Masonic Center at U of M Testing New Tech for Enhancing Anti-cancer ‘Killer Cells’
A Phase I study has opened for non-Hodgkin lymphoma and multiple myeloma patients.
NAM is short for Nicotinamide, a small molecule which Gamida harnesses in its process to expand the supplies and effectiveness of donated NK cells. These cells, when infused into non-Hodgkin lymphoma and multiple myeloma patients, have shown the ability to attack tumors and bolster the body’s natural immune defenses against cancer.
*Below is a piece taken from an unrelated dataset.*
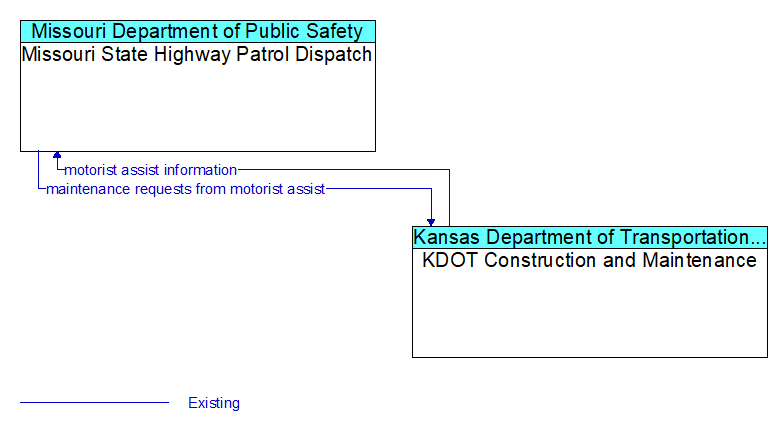 Missouri State Highway Patrol Dispatch to KDOT Construction and Maintenance Interface Diagram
Using NK cells as anti-cancer agents is an idea which been studied for some years, but there have been two major drawbacks so far: an insufficient supply of NK donor cells, and their short lifespan once infused into the patient. This has served to limit their applicability in clinical settings.
Gamida Cell, however, says it is addressing this problem by using NAM to expand the numbers of NK cells 100-fold while also improving their functionality.
The U of M study will be led Dr. Veronika Bachanova, a hematologist/oncologist who specializes in stem cell transplantation in fighting blood cancers such as leukemia and lymphoma. She said in an issued statement that Gamida Cell’s capabilities could open new doors against blood cancers.
“There is significant need for novel therapeutic approaches for refractory non-Hodgkin lymphoma and multiple myeloma, which are aggressive malignancies with limited treatment options,” Bachanova said. “We initiated this Phase I study based on encouraging preclinical data to bring a potential immunotherapeutic treatment approach to patients with these life-threatening cancers.”
The study’s main endpoint is to determine the maximum tolerated dose of NAM-NK Cells. The Masonic Cancer Center is currently recruiting and will enroll about 24 non-Hodgkin lymphoma and/or multiple myeloma patients between the ages of 18 and 70 to undergo the therapy.
Gamida Cell says pre-clinical studies in animals have shown that NK cells produced by its NAM technology displayed “superior in vivo lifespan, proliferation and infiltration into multiple organs including the bone marrow.” Also, it reported, its expanded NK cells produced more CD62L (L-selectin), a “homing receptor” which recruit other immune cells into attacking cancer tumors, thus amplifying their effect.
Gamida Cell has its North American headquarters in Cambridge, Massachusetts. In June, it completed a $40 million financing round led by Shavit Capital along with VMS Investment Group and the Israel Biotech Fund. Novartis, an existing investor and major shareholder, also participated. The proceeds were aimed at completing a Phase III clinical of its lead bone marrow transplant platform, called NiCord.